Of course, given the expectation of robust earnings growth for Q2, analysts still predict a double-digit price increase for the S&P 500. To wit:
“Industry analysts in aggregate predict the S&P 500 will see a price increase of 11.2% over the next 12 months. The bottom-up target price is calculated by aggregating the median target price estimates (based on company-level estimates submitted by industry analysts) for all companies in the index. On July 8, the bottom-up target price for the S&P 500 was 4803.62, which was 11.2% above the closing price of 4320.82.” – FactSet
(Of course, it is worth noting the S&P NEVER matches its bottom-up price target. In other words, estimates are always too high compared to reality.)
Analysts have set a very high bar for the markets to hurdle, given already lofty valuations. With indices already well-stretched above their historical means, there is much room for disappointment.
With the currently very overbought short-term market, a 3% to 10% correction this summer remains likely.

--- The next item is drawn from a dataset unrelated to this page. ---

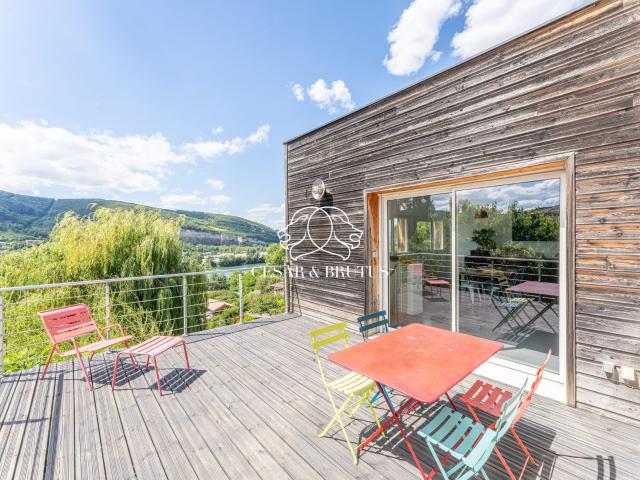 Maison 7 pièces 205 m²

Markets Priced For Perfection
While earnings estimates are soaring on exuberant hopes of an indefinite economic boom, revenue may be telling a much different story. I noted this point earlier this week:
Investors should dismiss the above quickly. First, revenue is what happens at the top line. Secondly, revenue CAN NOT grow faster than the economy. Such is because revenue comes from consumers, and consumption makes up 70% of the GDP calculation. Earnings, however, are what happens at the bottom line and are subject to accounting gimmicks, wage suppression, buybacks, and other manipulations.
Since 2009, corporate operating earnings grew cumulatively by 339%. Yet, during that same period, the cumulative growth of revenue is only up 63%. It is through “accounting magic” that revenue gets multiplied to the bottom line. Out of each dollar of earnings, 82% is from accounting “management,” and just 18% is from revenue.
The majority of the rise in “profitability” came from various cost-cutting measures and accounting gimmicks rather than actual increases in top-line revenue. While tax cuts certainly provided the capital for a surge in buybacks, revenue growth, the result of a consumption-based economy, remains muted.